How to be a Bad Consultant

oops.gifA bit of real-life humor this morning. An associate of mine recently sent me an email, referring to a meeting he had with a business planning consultant.

Enjoy this excerpt.

BTW – The meeting today reconfirmed these important basic business truths:

  1. One should never wear a tie that has recognizable pictures on it. Much less, multiple pictures of what appears to be Wife and Daughter.
  2. A blue and white checked shirt should not be worn with a tie that has recognizable pictures on it.
  3. One should not hang a picture that is framed with a “furry frame” in an area of the office that is designated for use in holding meetings with potential clients. Jet black, 5 inch long, uncombed polyester-based hair on the furry picture frame makes the “no-no” very big.
  4. One can easily fix the fact that their business cell phone plays sampled riffs from the band Rush during business meetings.
  5. One can easily fix the fact that their home phone message device plays the theme from the Adams Family.
  6. 60 to 80 hours at $125 per hour for helping with a financial plan (only) is a little too much.
  7. Despite his hard sell and offer to discount his 60 to 80 hours at $125 per hour we cannot give up any equity to a guy who has a furry picture frame on the wall of his client conference room.



  1. Derek Haynes · February 1, 2007 at 6:07 pm

    While I understand the point, I also can’t help but feel that your associate wasn’t paying attention to the right things.

    Frankly, I don’t care what someone wears, how they decorate their walls, or what their phone ring sounds like.
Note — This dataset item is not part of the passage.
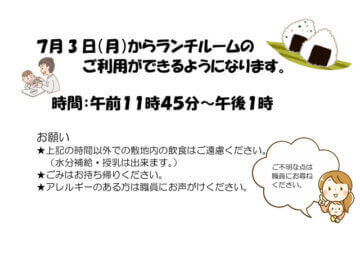 lunchのサムネイル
Some of the most brilliant, hard-working people I know have plenty of weird habits. They are often so into their work, that things others view as different don’t even register to them.

    I find it interesting that the quality of the consultant’s body of work or the strength of their references was never addressed. Questioning the price point of an hourly rate based on a hairy picture frame seems about as logical as deciding to purchase a used vehicle because it was owned by the actor Jon Voight.

  2. That made me laugh! Amusing visual. On a more serious note, your associate’s reaction to the consultant definitely speaks to the importance of perception, and consideration of one’s professional image.

  3. Very funny…and a reminder of the importance of managing one’s own brand.